Aim of the exercise -
Throughout the listing below, copy each line containing "sale".

Extracted data -

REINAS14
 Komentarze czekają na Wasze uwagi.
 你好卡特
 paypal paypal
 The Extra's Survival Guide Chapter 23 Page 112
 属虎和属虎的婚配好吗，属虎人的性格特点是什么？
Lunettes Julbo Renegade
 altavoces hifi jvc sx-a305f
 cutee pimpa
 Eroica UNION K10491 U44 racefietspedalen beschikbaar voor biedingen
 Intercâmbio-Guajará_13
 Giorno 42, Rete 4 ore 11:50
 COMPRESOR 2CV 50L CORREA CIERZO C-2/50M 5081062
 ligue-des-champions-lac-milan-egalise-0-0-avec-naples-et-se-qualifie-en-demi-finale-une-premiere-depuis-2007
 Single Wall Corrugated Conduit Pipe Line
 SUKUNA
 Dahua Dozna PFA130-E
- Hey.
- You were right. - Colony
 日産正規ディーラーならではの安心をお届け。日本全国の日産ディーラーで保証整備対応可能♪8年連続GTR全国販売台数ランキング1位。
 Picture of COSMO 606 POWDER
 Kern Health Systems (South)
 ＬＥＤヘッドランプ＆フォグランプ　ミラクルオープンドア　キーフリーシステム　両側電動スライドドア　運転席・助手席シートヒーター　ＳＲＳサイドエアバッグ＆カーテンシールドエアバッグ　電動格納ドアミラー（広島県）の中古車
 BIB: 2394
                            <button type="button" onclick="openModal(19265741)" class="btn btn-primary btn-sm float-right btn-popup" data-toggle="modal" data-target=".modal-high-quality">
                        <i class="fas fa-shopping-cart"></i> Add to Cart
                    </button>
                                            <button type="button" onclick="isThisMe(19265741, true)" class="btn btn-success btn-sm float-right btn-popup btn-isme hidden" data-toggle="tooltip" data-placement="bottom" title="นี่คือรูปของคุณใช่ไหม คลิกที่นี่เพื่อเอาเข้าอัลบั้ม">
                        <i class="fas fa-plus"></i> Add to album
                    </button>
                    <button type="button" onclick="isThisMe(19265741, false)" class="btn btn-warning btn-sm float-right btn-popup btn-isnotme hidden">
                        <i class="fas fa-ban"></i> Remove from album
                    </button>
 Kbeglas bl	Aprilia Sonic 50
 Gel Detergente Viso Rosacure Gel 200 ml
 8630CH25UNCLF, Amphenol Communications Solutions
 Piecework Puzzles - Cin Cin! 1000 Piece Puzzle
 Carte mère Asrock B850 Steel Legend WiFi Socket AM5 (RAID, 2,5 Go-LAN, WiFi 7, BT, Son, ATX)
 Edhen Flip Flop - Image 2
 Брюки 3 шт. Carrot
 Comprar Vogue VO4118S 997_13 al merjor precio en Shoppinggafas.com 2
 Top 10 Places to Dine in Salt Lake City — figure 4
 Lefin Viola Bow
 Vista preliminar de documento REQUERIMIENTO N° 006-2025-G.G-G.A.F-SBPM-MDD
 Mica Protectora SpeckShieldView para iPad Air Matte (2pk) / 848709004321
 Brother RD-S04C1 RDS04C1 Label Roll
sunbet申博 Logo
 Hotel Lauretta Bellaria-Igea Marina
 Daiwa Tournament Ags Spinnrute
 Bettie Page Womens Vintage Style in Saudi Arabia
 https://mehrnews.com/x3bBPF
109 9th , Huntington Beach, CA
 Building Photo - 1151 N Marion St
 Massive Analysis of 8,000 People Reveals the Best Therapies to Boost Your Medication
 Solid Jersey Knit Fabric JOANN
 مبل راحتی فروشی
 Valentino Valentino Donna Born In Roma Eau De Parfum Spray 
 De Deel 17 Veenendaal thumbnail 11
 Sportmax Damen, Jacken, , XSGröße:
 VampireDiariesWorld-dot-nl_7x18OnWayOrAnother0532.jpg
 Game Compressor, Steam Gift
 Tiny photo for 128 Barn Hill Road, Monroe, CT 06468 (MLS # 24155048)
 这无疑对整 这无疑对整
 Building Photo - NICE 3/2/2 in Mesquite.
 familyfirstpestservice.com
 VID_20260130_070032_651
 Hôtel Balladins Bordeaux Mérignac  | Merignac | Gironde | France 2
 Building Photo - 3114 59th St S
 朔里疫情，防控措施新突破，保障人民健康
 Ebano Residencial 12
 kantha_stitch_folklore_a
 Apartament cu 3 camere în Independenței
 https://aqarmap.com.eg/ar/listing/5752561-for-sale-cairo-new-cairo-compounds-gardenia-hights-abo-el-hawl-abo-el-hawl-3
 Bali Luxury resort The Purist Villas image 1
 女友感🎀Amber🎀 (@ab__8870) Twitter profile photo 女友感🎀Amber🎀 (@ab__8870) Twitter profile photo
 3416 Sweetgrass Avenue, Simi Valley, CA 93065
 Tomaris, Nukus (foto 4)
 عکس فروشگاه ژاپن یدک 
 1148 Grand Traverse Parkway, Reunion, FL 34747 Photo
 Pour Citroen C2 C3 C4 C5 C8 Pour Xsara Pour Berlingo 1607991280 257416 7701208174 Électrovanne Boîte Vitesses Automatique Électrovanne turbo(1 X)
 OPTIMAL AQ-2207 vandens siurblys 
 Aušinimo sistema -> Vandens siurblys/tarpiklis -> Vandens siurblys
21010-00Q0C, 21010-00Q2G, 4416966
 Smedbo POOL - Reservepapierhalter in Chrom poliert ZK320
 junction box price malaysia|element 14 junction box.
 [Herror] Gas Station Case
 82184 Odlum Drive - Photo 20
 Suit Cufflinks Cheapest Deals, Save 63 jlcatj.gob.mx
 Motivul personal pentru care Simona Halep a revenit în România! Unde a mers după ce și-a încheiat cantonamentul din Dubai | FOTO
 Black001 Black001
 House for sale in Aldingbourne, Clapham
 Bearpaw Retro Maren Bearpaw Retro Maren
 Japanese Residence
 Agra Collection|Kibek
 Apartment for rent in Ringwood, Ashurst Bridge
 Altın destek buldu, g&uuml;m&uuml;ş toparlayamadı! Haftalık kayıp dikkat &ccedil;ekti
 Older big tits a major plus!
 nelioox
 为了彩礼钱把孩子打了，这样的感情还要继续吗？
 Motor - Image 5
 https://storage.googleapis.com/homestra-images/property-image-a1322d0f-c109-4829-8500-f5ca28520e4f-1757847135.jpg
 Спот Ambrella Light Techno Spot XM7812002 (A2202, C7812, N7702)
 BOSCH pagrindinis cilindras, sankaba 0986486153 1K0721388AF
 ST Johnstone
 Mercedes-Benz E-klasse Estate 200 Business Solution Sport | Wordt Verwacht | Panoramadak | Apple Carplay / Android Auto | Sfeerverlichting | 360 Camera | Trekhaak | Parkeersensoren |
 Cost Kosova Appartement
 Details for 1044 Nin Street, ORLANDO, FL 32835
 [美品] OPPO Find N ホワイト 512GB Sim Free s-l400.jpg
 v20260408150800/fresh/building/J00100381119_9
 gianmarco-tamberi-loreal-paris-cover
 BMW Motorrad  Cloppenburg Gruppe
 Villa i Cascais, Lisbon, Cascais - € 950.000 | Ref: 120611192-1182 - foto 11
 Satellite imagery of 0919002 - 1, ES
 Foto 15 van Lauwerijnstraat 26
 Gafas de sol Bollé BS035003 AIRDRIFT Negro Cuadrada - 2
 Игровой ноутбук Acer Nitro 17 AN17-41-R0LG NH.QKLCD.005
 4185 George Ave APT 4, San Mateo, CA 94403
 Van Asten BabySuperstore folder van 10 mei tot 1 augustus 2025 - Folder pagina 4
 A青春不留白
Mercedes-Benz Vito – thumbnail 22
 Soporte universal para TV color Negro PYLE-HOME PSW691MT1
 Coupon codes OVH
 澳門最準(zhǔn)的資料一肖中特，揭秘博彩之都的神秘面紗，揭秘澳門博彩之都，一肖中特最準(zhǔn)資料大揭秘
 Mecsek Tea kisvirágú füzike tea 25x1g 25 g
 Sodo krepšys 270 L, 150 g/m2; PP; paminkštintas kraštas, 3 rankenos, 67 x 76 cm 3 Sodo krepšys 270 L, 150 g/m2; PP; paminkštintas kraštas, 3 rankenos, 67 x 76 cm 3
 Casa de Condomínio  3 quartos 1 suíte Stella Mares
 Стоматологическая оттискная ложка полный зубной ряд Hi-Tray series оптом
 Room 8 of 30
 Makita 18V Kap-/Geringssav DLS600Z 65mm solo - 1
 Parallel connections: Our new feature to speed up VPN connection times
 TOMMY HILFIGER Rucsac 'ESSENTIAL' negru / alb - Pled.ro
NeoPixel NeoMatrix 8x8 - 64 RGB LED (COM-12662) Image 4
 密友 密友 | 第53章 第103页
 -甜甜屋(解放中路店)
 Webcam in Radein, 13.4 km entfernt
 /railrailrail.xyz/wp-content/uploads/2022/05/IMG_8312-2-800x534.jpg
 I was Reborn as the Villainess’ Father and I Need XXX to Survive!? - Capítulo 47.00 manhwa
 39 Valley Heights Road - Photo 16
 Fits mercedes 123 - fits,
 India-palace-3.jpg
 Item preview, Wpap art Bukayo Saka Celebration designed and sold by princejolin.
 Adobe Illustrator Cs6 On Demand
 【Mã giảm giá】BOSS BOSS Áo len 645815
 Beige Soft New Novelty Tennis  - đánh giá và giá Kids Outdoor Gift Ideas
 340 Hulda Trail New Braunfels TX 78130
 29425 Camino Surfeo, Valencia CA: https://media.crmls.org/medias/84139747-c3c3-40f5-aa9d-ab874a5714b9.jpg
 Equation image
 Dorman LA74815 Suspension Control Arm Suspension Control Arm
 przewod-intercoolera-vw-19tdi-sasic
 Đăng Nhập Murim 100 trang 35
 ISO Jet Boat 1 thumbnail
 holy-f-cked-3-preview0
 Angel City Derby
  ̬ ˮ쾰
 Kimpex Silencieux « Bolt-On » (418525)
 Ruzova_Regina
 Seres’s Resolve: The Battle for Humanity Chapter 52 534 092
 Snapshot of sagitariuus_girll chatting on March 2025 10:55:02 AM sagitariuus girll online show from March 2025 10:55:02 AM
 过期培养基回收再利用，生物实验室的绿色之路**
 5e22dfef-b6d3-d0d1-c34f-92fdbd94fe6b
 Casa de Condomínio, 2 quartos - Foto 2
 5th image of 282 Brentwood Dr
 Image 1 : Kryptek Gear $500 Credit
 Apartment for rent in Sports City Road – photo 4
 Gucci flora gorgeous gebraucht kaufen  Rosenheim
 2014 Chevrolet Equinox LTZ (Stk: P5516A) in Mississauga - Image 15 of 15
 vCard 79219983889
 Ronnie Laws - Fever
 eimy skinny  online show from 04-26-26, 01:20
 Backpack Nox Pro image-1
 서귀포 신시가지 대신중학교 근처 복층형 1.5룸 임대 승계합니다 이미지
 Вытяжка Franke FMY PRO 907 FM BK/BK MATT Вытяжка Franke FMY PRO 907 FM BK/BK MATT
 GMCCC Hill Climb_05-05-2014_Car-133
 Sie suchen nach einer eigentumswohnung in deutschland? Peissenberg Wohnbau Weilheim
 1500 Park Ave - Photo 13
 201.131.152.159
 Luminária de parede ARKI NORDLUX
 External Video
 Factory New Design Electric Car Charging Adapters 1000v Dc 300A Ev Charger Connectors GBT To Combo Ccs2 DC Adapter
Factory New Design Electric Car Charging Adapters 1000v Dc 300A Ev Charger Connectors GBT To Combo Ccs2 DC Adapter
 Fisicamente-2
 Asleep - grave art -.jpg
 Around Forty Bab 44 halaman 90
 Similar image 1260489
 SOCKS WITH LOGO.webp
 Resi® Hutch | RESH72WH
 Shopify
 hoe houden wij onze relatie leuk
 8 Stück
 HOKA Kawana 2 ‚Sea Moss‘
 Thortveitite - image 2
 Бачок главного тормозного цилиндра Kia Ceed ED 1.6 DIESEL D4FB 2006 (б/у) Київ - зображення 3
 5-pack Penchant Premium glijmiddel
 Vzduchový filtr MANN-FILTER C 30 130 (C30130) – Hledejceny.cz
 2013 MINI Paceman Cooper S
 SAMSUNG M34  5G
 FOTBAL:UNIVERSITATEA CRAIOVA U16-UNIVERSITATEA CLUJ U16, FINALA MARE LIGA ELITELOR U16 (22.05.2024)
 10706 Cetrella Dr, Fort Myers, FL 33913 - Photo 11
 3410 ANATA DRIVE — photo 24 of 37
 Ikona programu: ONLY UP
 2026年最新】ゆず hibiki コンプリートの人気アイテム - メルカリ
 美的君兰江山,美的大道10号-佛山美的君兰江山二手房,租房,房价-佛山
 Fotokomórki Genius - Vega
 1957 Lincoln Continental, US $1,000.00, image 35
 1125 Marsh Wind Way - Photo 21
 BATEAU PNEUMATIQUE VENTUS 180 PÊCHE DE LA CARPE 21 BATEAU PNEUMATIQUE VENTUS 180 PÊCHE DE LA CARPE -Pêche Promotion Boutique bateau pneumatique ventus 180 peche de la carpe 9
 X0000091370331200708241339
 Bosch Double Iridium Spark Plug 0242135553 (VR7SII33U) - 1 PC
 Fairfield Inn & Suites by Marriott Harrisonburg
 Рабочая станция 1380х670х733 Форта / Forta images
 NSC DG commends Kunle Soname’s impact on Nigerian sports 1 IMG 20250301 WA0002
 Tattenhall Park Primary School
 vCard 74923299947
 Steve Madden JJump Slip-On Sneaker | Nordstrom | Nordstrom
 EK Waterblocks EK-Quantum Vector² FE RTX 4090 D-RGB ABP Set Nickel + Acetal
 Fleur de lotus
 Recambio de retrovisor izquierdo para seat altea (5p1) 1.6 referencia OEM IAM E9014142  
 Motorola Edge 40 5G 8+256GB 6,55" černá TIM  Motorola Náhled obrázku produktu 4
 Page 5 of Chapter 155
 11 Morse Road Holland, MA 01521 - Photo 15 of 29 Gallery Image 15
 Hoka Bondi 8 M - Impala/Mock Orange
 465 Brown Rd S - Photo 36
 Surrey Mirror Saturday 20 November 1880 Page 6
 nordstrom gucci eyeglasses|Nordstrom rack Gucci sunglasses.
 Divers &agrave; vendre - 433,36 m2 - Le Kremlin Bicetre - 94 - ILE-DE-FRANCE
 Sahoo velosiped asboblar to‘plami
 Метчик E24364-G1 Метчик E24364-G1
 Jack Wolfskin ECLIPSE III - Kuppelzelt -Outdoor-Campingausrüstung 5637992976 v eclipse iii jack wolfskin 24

The answer -
 https://aqarmap.com.eg/ar/listing/5752561-for-sale-cairo-new-cairo-compounds-gardenia-hights-abo-el-hawl-abo-el-hawl-3
 House for sale in Aldingbourne, Clapham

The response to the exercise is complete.